Sparkfun Pro Micro (5v)
If you are building a guitar and planning on directly wiring all the buttons to it, than this is probably the best of the Arduinos, as it is small and runs at a faster speed over the 3.3v variants. These can still be used to build adapters but will require parts for stepping the voltage down from 5v to 3.3v. Clones of the Pro Micro are quite cheap but will need to be purchased from ebay or aliexpress, real Pro Micros are quite expensive but unnecessary. These arduinos are not quite powerful enough to poll a wii guitar at full speed, and neither are any of the other arduinos.
Sparkfun Pro Micro (3.3v)
If you want to build an adapter for a Wii or PS2 guitar, than this is the easiest Arduino to use. Due to the lower voltage, these do run at half the speed of the 5v variants, a. Clones of the Pro Micro are quite cheap but will need to be purchased from ebay or aliexpress, real Pro Micros are quite expensive but there isn't really much of a difference. 3.3V arduinos will poll a wii guitar slightly slower than a 5V arduino but in practise this does not end up mattering as there are a lot of other delays necessary for communicating with a wii guitar.
This is essentially the same thing as a 5v pro micro, however these are officially made by Arduino. These are often a bit more expensive as they aren't really cloned.
This is essentially a 5v pro micro with the layout of a Arduino UNO, so you get more pins but it is also much larger. You can get clones of these, but they are still more expensive than pro micros or picos.
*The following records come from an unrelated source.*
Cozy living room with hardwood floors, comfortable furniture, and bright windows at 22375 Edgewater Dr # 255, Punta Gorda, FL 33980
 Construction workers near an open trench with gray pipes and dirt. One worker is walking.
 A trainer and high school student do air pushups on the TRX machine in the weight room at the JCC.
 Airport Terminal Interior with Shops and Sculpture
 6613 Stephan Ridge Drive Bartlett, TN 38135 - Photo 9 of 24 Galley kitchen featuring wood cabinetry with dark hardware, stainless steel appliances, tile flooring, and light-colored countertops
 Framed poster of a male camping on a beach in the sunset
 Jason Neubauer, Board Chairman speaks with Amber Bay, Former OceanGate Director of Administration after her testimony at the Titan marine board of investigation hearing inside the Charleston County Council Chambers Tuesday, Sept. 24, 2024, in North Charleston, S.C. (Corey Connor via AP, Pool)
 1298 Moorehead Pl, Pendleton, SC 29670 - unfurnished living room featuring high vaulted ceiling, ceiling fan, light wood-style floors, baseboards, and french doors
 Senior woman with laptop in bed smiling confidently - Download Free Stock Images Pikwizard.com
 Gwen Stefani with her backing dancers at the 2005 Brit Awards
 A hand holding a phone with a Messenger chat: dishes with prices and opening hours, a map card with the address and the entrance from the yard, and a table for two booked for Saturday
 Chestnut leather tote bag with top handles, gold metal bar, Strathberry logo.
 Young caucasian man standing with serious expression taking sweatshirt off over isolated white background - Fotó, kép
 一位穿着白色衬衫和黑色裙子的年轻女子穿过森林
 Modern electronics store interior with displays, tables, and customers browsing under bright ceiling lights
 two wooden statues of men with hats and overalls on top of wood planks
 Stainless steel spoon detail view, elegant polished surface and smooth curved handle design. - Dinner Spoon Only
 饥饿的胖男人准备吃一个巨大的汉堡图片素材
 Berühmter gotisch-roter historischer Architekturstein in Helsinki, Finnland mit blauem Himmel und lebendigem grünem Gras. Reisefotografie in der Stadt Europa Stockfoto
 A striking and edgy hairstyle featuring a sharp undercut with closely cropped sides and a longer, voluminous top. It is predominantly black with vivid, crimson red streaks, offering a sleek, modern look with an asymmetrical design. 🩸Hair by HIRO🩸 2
These micro controllers are actually two micro controllers in one, and they work in tandem to provide a working controller. This has its disadvantages, as code needs to keep these controllers in sync, and this can result in issues if a bad configuration is programmed, and generally results in requiring more complicated and optimised code to work. UNOs do still get 1000hz, but I would recommend against them if you are buying a new Arduino. Note that some clone Arduino UNOs are actually missing the second micro controller, and these ones will NOT work at all. If you see an Arduino UNO listing that mentions "ch340g" or something along those lines do not purchase it. Due to this, they are harder to purchase and since they require more parts, they are more expensive than a Pro Micro or Pi Pico.
Arduino Mega 2560
These are in the same situation as the UNO, however the main micro controller has a lot more pins. These do also end up being rather expensive due to the sheer amount of parts that are needed to make one.
These do NOT work for USB guitar controllers, as they are essentially UNOs that lack the second micro controller that makes this all work. They are inexpensive though, and in the future once the RF code is rewritten and more stable, they will be useful for anybody wanting to build wireless guitars, as they use a very tiny amount of power which results in a higher battery life. In this case the the ability to communicate over USB is not necessary as they would communicate with a second micro controller over RF, and only that micro controller would need USB.